| Goal of the exercise |
Below are records with pictures. Reproduce exactly the lines from the line with "May include: A dark" to the line with "a living room", inclusive, and leave each picture out.
== The data ==
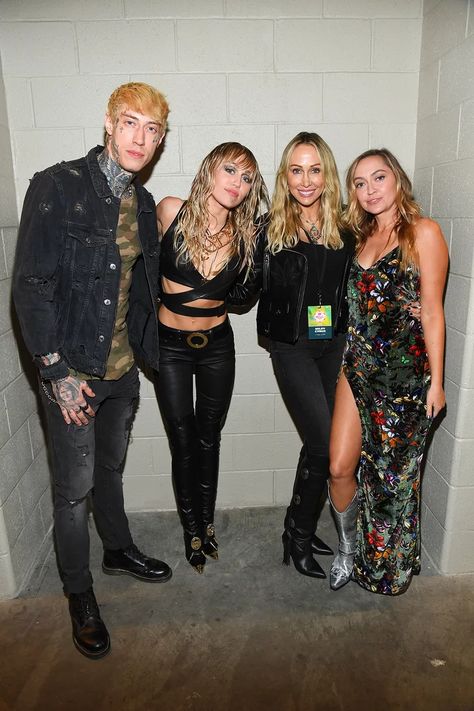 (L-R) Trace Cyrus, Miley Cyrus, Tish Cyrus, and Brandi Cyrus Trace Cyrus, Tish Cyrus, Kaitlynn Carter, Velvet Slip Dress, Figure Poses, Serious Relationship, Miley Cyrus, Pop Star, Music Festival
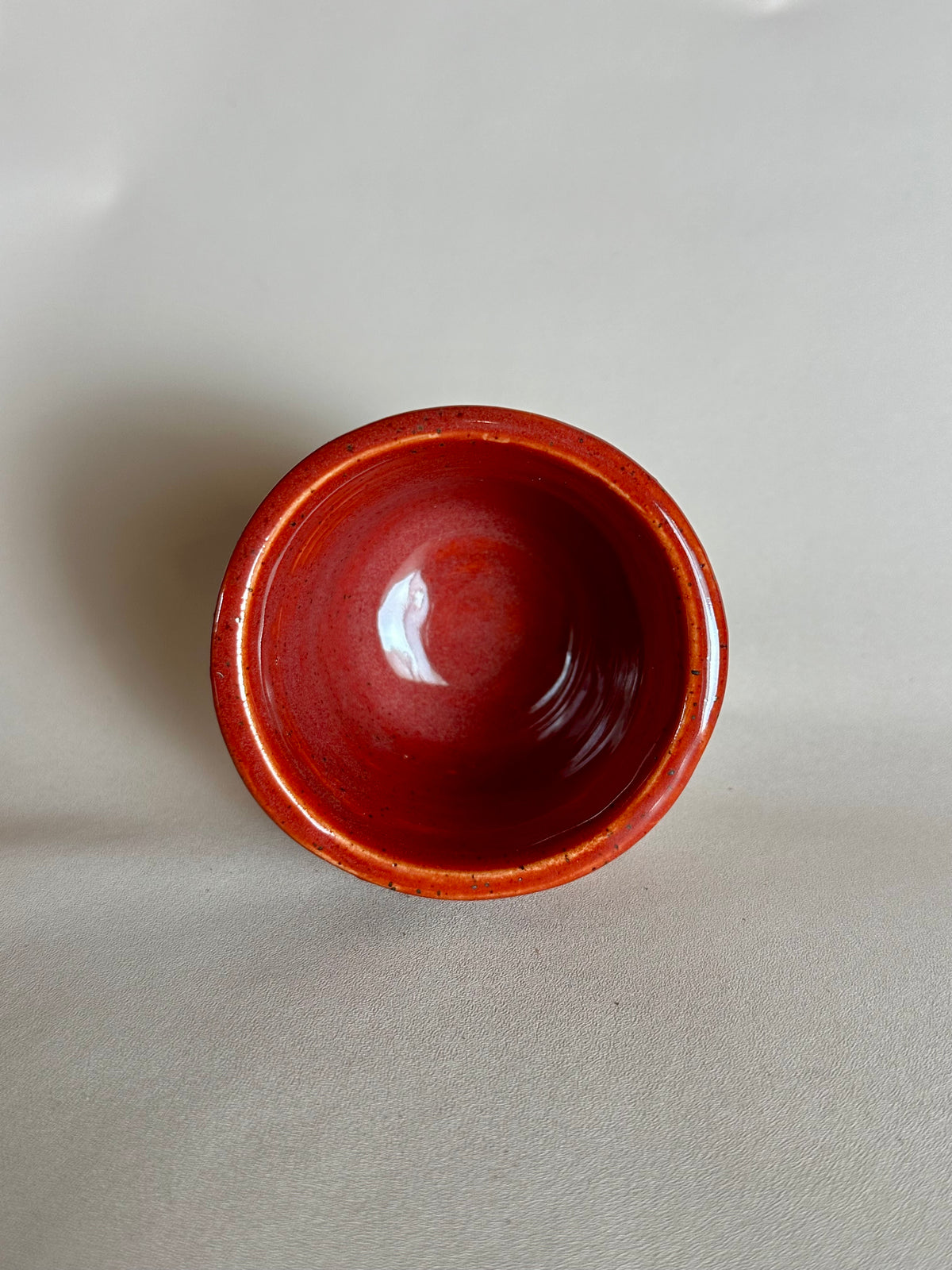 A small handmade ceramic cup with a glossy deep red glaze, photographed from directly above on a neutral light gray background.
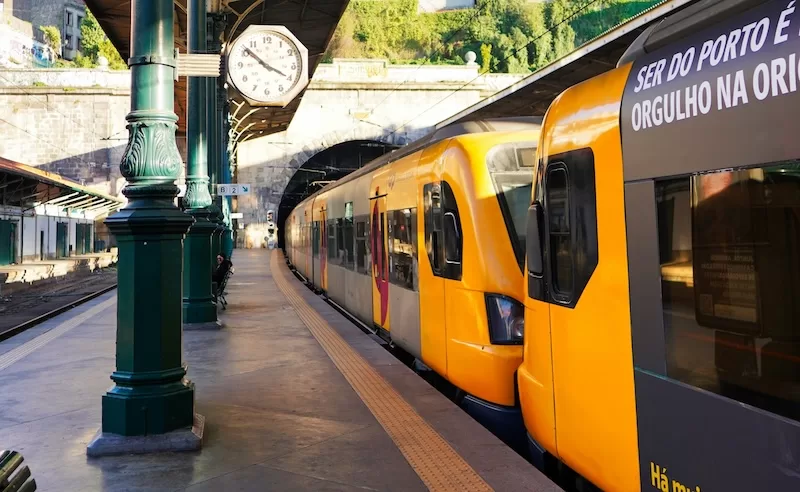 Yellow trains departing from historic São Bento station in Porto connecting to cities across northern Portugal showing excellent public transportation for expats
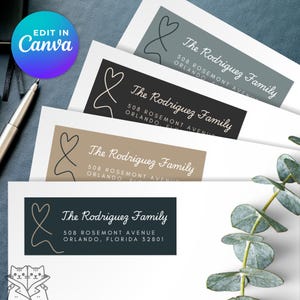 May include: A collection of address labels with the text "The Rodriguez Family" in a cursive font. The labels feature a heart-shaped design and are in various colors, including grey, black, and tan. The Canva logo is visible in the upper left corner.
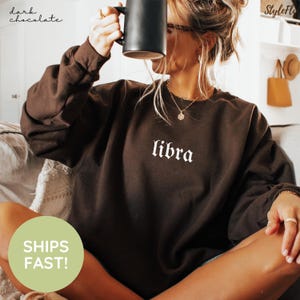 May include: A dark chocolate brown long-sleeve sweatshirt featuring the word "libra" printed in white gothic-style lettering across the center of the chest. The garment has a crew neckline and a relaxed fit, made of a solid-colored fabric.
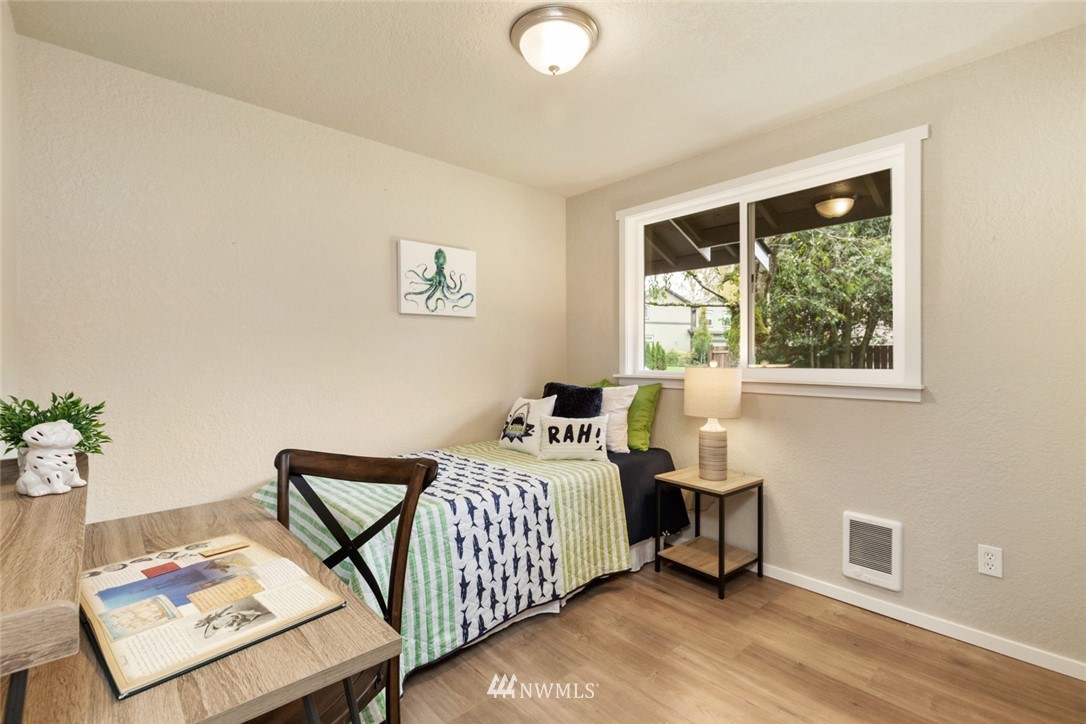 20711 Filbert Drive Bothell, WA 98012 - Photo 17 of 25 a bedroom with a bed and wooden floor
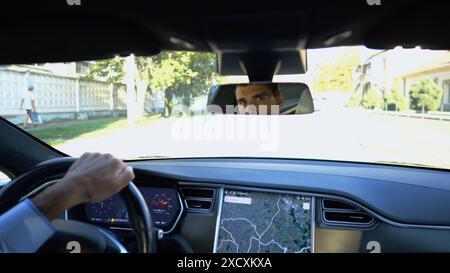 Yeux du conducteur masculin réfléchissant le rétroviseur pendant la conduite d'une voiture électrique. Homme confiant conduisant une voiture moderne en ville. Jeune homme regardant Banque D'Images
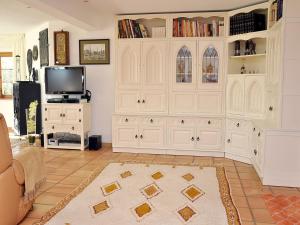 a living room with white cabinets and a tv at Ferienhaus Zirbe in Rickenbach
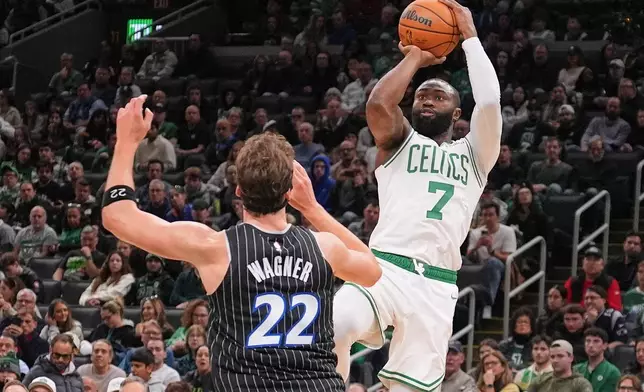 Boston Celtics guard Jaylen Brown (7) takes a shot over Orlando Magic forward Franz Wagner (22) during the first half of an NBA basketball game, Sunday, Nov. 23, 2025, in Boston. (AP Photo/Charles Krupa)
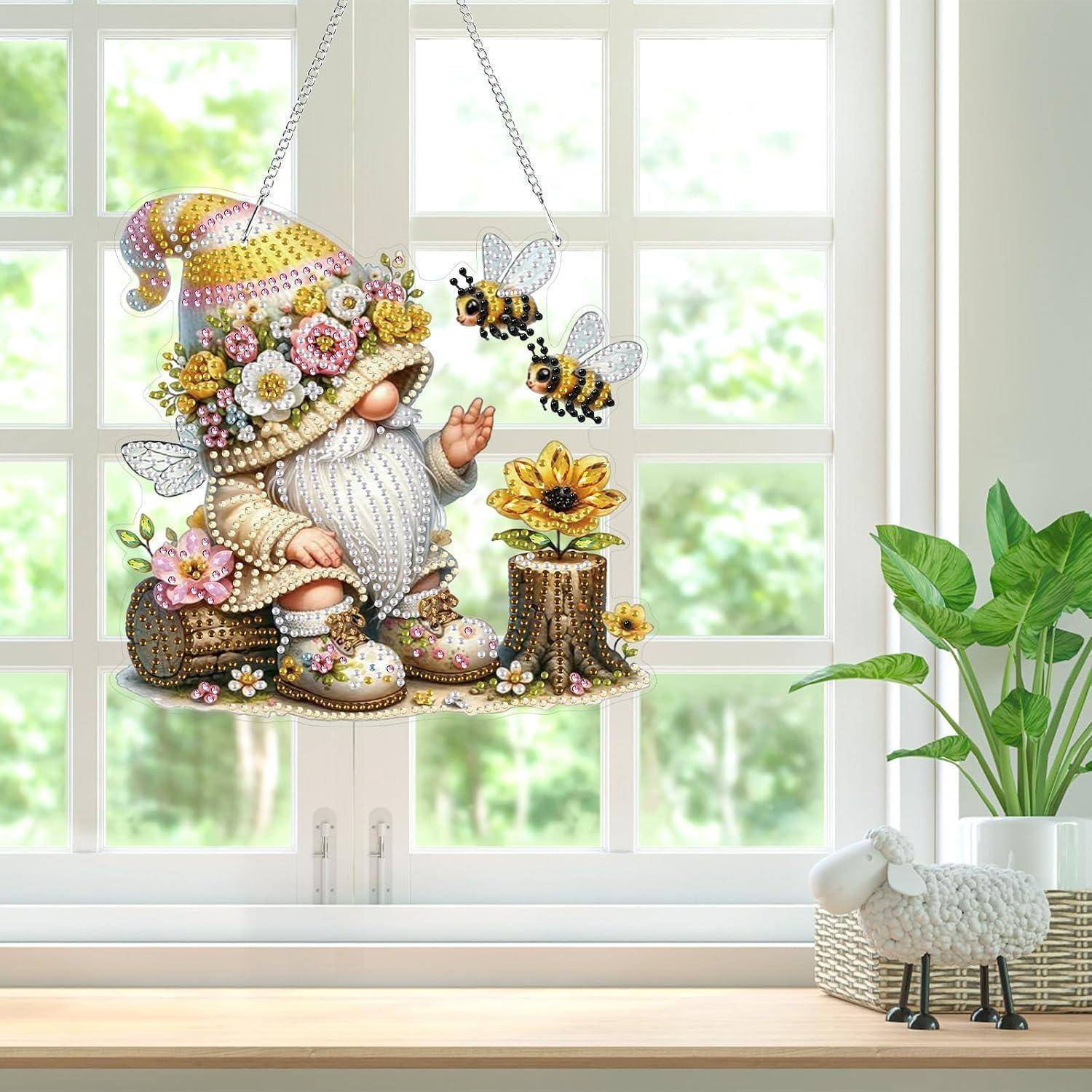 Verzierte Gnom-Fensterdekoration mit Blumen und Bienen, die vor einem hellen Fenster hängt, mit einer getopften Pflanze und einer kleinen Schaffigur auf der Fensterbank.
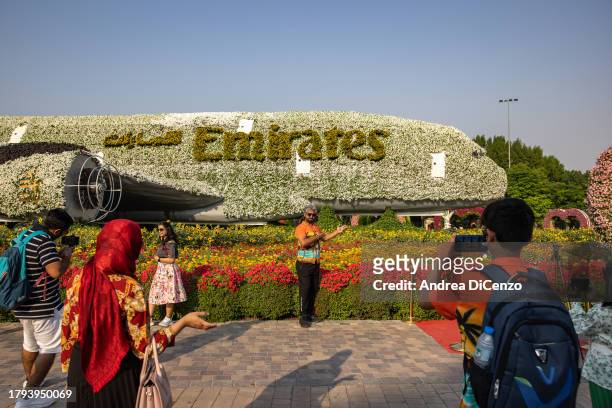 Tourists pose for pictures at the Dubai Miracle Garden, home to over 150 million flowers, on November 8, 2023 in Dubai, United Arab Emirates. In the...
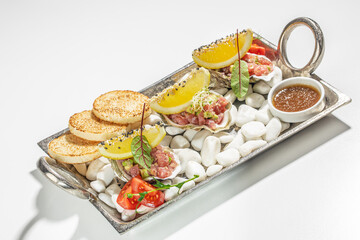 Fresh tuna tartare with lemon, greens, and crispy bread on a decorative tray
===
| Output below |
 May include: A dark chocolate brown long-sleeve sweatshirt featuring the word "libra" printed in white gothic-style lettering across the center of the chest. The garment has a crew neckline and a relaxed fit, made of a solid-colored fabric.
 20711 Filbert Drive Bothell, WA 98012 - Photo 17 of 25 a bedroom with a bed and wooden floor
 Yeux du conducteur masculin réfléchissant le rétroviseur pendant la conduite d'une voiture électrique. Homme confiant conduisant une voiture moderne en ville. Jeune homme regardant Banque D'Images
 a living room with white cabinets and a tv at Ferienhaus Zirbe in Rickenbach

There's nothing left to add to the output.